December 13, 2017

Wrong-way driver had opioids, THC in system

Steven Bourgoin

Williston driver awaits trial in crash that killed five teens

By Mike Donoghue

For VTDigger

The court-ordered toxicology report of a wrong-way driver charged with killing five central Vermont teenagers in a fiery crash a year ago shows high levels of THC — the active ingredient in marijuana — in his blood system, along with fentanyl, norfentanyl and midazolam.

Steven D. Bourgoin, 37, of Williston had 10 nanograms of active THC level about eight hours after he crashed into the five teens as they headed home about 11:50 p.m. Oct. 8, 2016, according to the drug report made public Monday.

Any level of THC in a driver in Vermont is against the law. In Colorado, which allows for recreational marijuana, a driver is presumed under the influence with 5 nanograms of THC.

The levels of fentanyl, an opioid pain medication, and midazolam, a sedative, “could be therapeutic levels,” according to an interpretation by the Vermont Department of Public Safety.

The long-sought drug report for Bourgoin became public Monday afternoon when Heidi Storm, public records administrator for the Vermont State Police, granted the latest request seeking details of the impairment.

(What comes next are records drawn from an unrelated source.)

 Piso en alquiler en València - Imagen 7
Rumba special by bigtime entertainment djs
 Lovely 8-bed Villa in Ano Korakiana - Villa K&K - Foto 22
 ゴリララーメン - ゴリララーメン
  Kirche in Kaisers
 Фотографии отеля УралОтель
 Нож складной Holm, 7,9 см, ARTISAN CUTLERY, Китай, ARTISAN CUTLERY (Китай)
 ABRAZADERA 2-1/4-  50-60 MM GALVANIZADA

The request to release the test results was renewed in the Bourgoin case after Vermont State Police reported this month that a driver who killed four carnival workers in August in Addison County had more than 50 nanograms of THC in his system. That made him more than 10 times the legal limit if he had been driving in Colorado.

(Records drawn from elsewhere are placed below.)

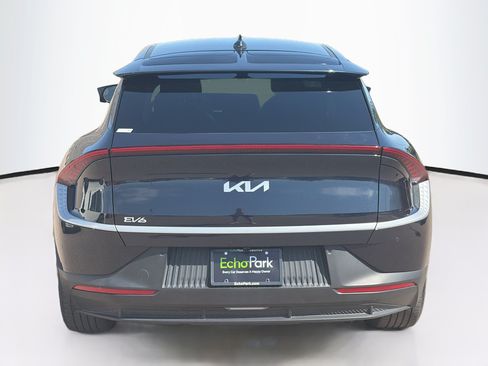 Used 2024 Kia EV6 Light AWD/4WD image 7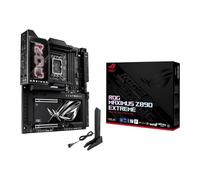 ASUS ROG Maximus Z890 Extreme Intel® Z890 LGA 1851 E-ATX, Advanced AI PC-Ready, 24+2+1+2 Pasos, DDR5, WiFi7, 2.5G/10G LAN, PCIe® 5.0 M.2, Thunderbolt™ 5, USB Type-C®, AI OC, Pantalla LCD de 5"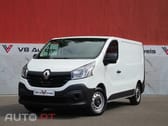 Renault Trafic 1.6 dCi L1H1 1.0T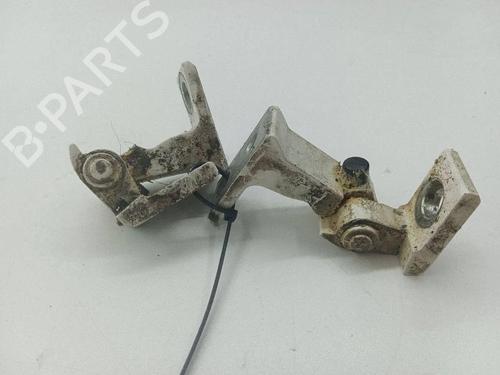 Used Hinge/Door check strap Hinge/Door check strap PORSCHE CAYENNE (92A) 3.0 Diesel (239 hp) 40232596 40232596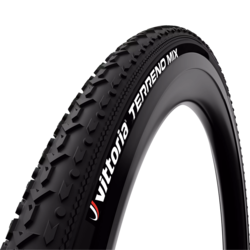 Vittoria opona Terreno Mix Gravel 33x700 czarna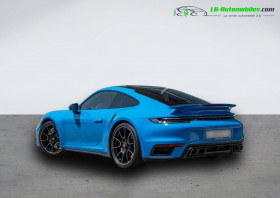 Porsche 911 , garage LB AUTOMOBILES  Beaupuy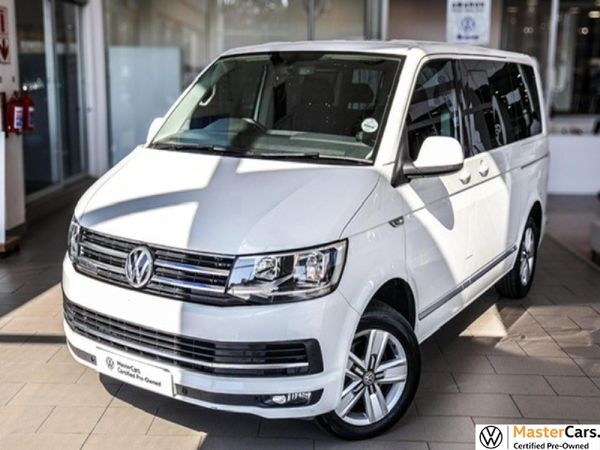Transporter Combi Vw Transporter Kombi For Sale Used Volkswagen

The Bourgoin report says he was impaired.

Fentanyl is a morphine substitute. The report said, “It is reported to be 80 to 200 times as potent as morphine and has a rapid onset of action as well as addictive properties.”

Bourgoin had 25 nanograms of midazolam, the report said. In 56 drivers arrested for driving while under the influence, midazolam concentrations ranged from 5 to 1,100 nanograms.

Bourgoin has pleaded not guilty to a variety of charges, including five counts of second-degree murder in the death of the teens. He remains in prison awaiting trial, which could be in late April at the earliest, officials said.

Minutes after Bourgoin’s arraignment in October 2016, then-Chittenden County State’s Attorney TJ Donovan pledged during a news conference he would release the toxicology report as soon as he received it. Donovan, who was running for Vermont attorney general, reversed direction two weeks before the election and refused to make public the report.